Strangely, economic commentators have missed the most obvious impact of the tragic Gaza War on the global economy: Oil prices are going to rise, and will go sharply higher if the war widens into a regional conflict. So too will precious metal prices. Perhaps this perception will change now that a serious ground offensive has started.
Higher oil prices will be the death knell for the recent modest rally in global stock markets and the impact of higher energy costs on a weakened world economy would be nasty. This is back to 1973 and the oil embargo years, and the horrendous stock market slump of 1974.
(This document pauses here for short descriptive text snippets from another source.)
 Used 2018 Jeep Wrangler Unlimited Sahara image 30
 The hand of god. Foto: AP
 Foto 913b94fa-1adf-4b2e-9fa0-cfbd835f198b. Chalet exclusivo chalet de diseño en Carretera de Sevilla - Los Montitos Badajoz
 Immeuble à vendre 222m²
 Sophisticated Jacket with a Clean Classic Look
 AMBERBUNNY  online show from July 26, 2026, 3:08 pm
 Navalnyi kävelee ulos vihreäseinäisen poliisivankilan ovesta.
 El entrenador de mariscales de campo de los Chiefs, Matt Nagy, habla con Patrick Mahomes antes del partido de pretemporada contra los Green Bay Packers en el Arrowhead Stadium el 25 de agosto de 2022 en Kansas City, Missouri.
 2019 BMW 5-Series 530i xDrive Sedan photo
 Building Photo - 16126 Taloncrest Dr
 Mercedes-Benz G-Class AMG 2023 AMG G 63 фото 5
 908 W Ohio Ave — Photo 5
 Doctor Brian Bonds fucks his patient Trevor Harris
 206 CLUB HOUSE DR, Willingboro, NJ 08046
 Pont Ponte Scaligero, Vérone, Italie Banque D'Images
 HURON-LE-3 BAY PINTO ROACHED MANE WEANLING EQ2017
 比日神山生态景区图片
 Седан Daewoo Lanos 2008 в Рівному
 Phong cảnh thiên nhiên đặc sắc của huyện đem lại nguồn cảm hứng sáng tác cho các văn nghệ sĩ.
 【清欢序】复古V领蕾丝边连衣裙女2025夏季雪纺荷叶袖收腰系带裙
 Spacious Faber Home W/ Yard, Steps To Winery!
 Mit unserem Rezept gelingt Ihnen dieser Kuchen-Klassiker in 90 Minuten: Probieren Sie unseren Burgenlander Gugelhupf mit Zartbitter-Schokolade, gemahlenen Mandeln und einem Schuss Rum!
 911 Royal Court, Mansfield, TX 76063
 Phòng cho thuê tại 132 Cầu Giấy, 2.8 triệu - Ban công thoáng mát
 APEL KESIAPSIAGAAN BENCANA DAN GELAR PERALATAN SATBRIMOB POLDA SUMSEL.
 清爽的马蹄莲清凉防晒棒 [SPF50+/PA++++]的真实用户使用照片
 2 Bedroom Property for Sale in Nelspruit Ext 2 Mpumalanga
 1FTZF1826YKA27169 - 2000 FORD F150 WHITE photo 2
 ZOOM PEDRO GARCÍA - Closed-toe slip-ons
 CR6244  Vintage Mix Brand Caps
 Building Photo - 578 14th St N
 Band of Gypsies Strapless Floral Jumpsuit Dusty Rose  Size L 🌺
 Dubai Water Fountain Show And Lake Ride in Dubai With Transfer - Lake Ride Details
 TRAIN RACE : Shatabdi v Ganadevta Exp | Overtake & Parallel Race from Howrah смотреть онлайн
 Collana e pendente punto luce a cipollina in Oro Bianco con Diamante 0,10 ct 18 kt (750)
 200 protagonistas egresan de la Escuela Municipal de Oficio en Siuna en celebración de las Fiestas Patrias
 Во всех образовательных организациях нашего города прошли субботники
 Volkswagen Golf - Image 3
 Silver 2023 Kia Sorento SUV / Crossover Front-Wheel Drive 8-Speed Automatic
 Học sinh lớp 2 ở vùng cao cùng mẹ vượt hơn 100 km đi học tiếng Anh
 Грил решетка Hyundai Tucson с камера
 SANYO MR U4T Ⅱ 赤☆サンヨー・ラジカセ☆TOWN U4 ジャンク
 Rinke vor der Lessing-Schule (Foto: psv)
Some might argue that with the S&P down 38 per cent last year, stocks have seen their annus horribilis. But sadly stocks are still over-valued in historic terms and not near to the level required for a stock market bottom. On the Q-formula they still have a 55 per cent downside.
Oil price shock
Rising oil prices are just the kind of shock the global economy and stock markets could do without now as they struggle to rally. There does not seem the political will among Arab leaders for an oil boycott like in 1973 but the popular feeling against Israel’s disproportionate response to rockets fired from Gaza is mounting.
Dubai, Jordan, Syria and Egypt cancelled their New Year’s celebrations as a mark of solidarity with the people of Gaza, although political support for Hamas is another matter.
Regional war threat
The more likely threat to oil prices comes from a widening of the Israeli offensive to include another incursion in to Lebanon to fight a re-armed Hezbollah, although their last attempt in 2006 is widely perceived as having failed in its objectives.
On the other hand, what began as a series of air raids with hundreds of civilian deaths is clearly developing into something more on the lines of the Lebanon War of 2006, and the implications for the oil price this week are obvious.
Gold, silver and the US dollar are likely to gain in value in a flight to safety but this is negative for most other asset classes.